---------- Data excerpt ----------
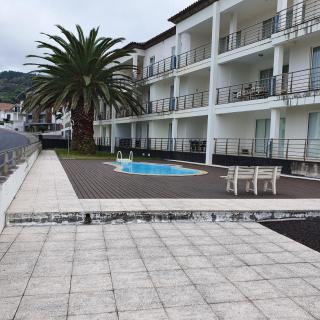 Black'nYellow Place - Vila Franca do Campo - 7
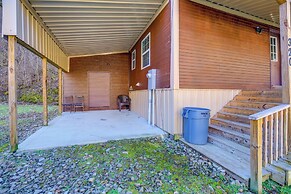 8 Mi to Hatfield-mccoy Trails: Cabin in Delbarton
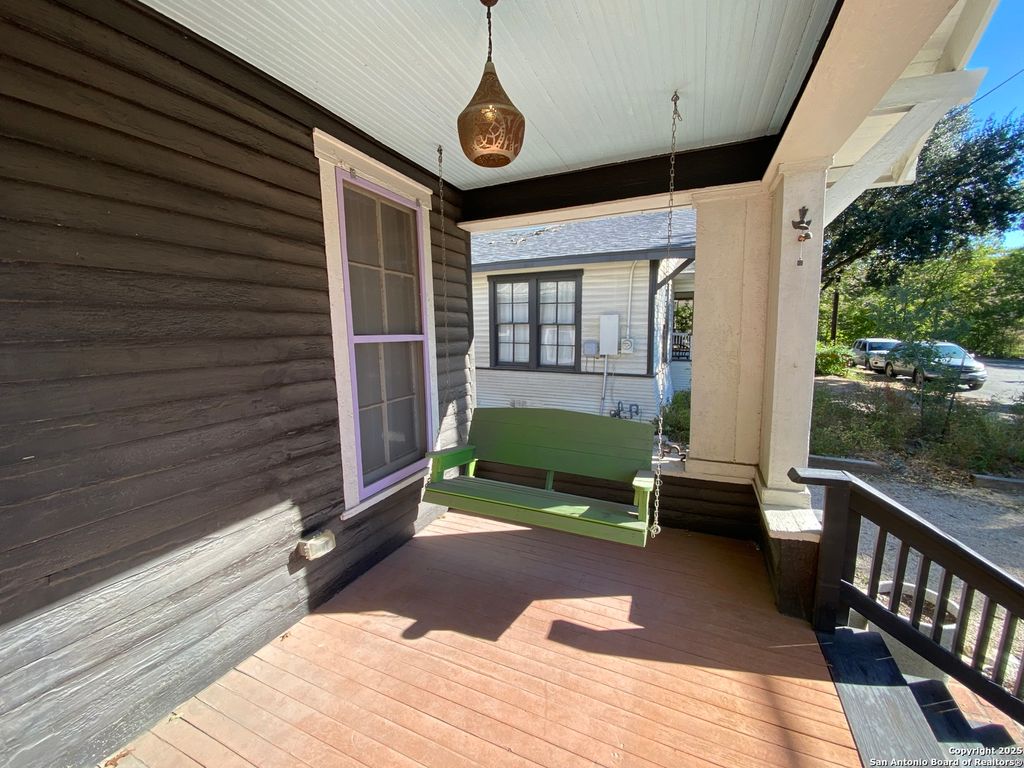 Photo of 135 Panama, San Antonio, TX 78210 (MLS # 1925176)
----------
Exercise description: From the line containing "8 Mi to Hatfield-mccoy" to the last line of the listing above, transcribe each line exactly, skipping the pictures.

Result:
 8 Mi to Hatfield-mccoy Trails: Cabin in Delbarton
 Photo of 135 Panama, San Antonio, TX 78210 (MLS # 1925176)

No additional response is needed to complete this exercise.